(TASK MATERIAL Opens)
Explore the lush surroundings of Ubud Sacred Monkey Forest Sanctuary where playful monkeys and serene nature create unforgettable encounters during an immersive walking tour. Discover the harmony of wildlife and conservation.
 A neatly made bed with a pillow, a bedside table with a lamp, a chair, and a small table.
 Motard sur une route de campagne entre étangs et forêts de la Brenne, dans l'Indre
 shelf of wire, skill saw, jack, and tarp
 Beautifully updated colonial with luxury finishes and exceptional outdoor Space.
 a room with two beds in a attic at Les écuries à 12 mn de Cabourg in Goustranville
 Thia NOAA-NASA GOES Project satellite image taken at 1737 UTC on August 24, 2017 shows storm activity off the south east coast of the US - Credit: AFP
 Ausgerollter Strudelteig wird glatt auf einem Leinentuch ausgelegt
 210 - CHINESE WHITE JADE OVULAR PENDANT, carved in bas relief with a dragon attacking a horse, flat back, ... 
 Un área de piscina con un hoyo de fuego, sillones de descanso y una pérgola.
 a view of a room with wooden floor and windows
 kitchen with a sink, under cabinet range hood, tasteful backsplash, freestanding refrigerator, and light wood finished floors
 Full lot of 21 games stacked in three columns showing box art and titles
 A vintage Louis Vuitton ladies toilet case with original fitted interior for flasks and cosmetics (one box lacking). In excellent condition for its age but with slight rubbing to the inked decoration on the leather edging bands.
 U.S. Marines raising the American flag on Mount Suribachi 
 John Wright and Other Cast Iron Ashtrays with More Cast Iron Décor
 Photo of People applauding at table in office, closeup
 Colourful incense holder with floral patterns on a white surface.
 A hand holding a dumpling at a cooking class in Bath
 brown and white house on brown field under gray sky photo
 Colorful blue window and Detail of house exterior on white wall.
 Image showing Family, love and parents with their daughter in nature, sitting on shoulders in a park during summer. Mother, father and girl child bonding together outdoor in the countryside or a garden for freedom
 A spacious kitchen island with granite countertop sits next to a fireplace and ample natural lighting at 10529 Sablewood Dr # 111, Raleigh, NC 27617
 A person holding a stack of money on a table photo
(TASK MATERIAL Closes)
# [INSTRUCTIONS TO FOLLOW]
Return all of the entries exactly as they were supplied.

# [WRITTEN ANSWER]
Explore the lush surroundings of Ubud Sacred Monkey Forest Sanctuary where playful monkeys and serene nature create unforgettable encounters during an immersive walking tour. Discover the harmony of wildlife and conservation.
 A neatly made bed with a pillow, a bedside table with a lamp, a chair, and a small table.
 Motard sur une route de campagne entre étangs et forêts de la Brenne, dans l'Indre
 shelf of wire, skill saw, jack, and tarp
 Beautifully updated colonial with luxury finishes and exceptional outdoor Space.
 a room with two beds in a attic at Les écuries à 12 mn de Cabourg in Goustranville
 Thia NOAA-NASA GOES Project satellite image taken at 1737 UTC on August 24, 2017 shows storm activity off the south east coast of the US - Credit: AFP
 Ausgerollter Strudelteig wird glatt auf einem Leinentuch ausgelegt
 210 - CHINESE WHITE JADE OVULAR PENDANT, carved in bas relief with a dragon attacking a horse, flat back, ... 
 Un área de piscina con un hoyo de fuego, sillones de descanso y una pérgola.
 a view of a room with wooden floor and windows
 kitchen with a sink, under cabinet range hood, tasteful backsplash, freestanding refrigerator, and light wood finished floors
 Full lot of 21 games stacked in three columns showing box art and titles
 A vintage Louis Vuitton ladies toilet case with original fitted interior for flasks and cosmetics (one box lacking). In excellent condition for its age but with slight rubbing to the inked decoration on the leather edging bands.
 U.S. Marines raising the American flag on Mount Suribachi 
 John Wright and Other Cast Iron Ashtrays with More Cast Iron Décor
 Photo of People applauding at table in office, closeup
 Colourful incense holder with floral patterns on a white surface.
 A hand holding a dumpling at a cooking class in Bath
 brown and white house on brown field under gray sky photo
 Colorful blue window and Detail of house exterior on white wall.
 Image showing Family, love and parents with their daughter in nature, sitting on shoulders in a park during summer. Mother, father and girl child bonding together outdoor in the countryside or a garden for freedom
 A spacious kitchen island with granite countertop sits next to a fireplace and ample natural lighting at 10529 Sablewood Dr # 111, Raleigh, NC 27617
 A person holding a stack of money on a table photo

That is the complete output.